Gli avanzi dell'antica città sono vasti e di considerevole importanza tali da


indurre lo Holm a denominare S. "una Pompei in piccolo". Essi erano stati
riconosciuti dal Fazello , il quale notò anche lunghi tratti di mura, oggi in
parte scomparsi, ma per alcuni tratti affioranti. S. cominciò di nuovo a
richiamare l'attenzione nel secolo scorso, fin dal 1825, anno in cui fu scoperta
una statua di divinità seduta, oggi al Museo Nazionale di Palermo, databile al
II-I sec. a. C. In seguito si sono eseguite varie campagne di scavi che hanno
messo in luce parte di una città che presenta chiaramente
una facies ellenistico-romana, con un piano urbanistico a pianta ortogonale.
Altra caratteristica della città è la divisione a metà delle insulae mediante un
canale, ambitus, destinato a raccogliere i rifiuti della città ed a smaltire le
acque piovane superflue: parte di queste, infatti, venivano raccolte in cisterne,
sia private che pubbliche, per i varî bisogni dei cittadini.

Recenti scavi hanno messo in luce varî edifici pubblici raccolti tutti in un solo
quartiere: si tratta di una grande piazza, di altari, di un teatro e di
un odeon. Le case sono di varia grandezza e hanno tutte, tranne quelle
piccole, l'atrio con peristilio; le pareti delle case sono spesso decorate con
affreschi, che richiamano sia le case di Delo che quelle pompeiane.

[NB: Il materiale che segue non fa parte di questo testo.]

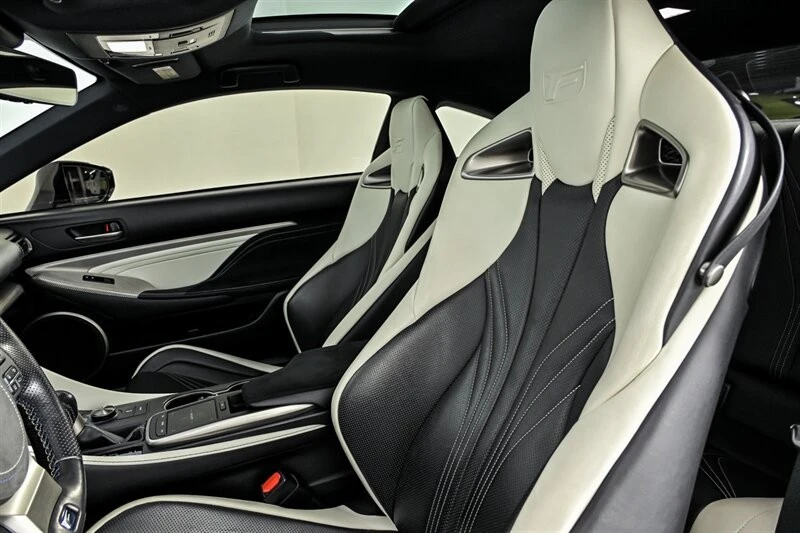 2020 Lexus RC F - Image 17 of 31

Per i suoi caratteri S. si ricollega alle città greche di epoca ellenistica come
Mileto, Delo, Priene, Olinto, Pergamo, ecc. La necropoli si estendeva nella
pianura sottostante ed era costituita sia da tombe a fossa che da tombe a
camera, scavate nella roccia secondo l'uso punico . S. ebbe una zecca propria.

Forse per averla volontariamente abbandonata, gli antichi abitanti di S.

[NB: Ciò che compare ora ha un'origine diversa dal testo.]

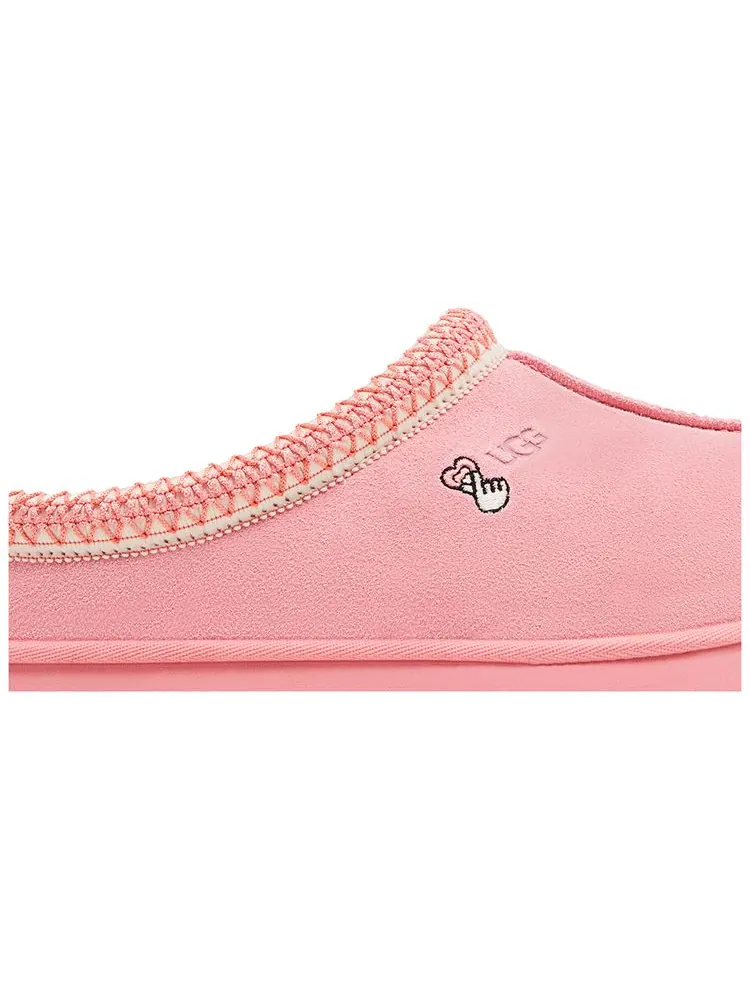 Кроссовки UGG Tazz Slipper Kids 'Love '25 Pack - Tropical Pink' — изображение 2 из 4, розовый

portarono via tutto quanto poterono: per questo motivo pochissimo è il
materiale archeologico che si rinviene nello scavo della città. Il dato più
interessante è costituito dall'urbanistica: a S., infatti, per la prima volta in
Sicilia, coliosciamo una pianta di città ippodamea in tutto simile a quelle
dell'Asia Minore sopra citate. Notevoli, altresì, i molti capitelli, dorici, ionici e
corinzî, che, insieme a tutto il materiale rinvenuto, si conservano nel Museo
Nazionale di Palermo e nell'Antiquarium recentemente costruito nella zona
archeologica.

L'esame del materiale rinvenuto dà l'impressione di una città fortemente


influenzata dall'elemento greco-ellenistico che perdurò anche in epoca
romana, ma in cui affiorano ogni tanto, fin in epoca romana, sicuri elementi
punici (simboli religiosi punici nelle arulae-thymiatèrion, altare
all'aperto, oscillum con iscrizione punica, ecc.), il che ci autorizza ad
affermare che l'elemento punico, pur dominato dalla superiore civiltà greca o
conquistato dai Romani, resisteva sempre e si manifestava anzi in quelle
forme e in quei monumenti che più da vicino toccavano il suo spirito.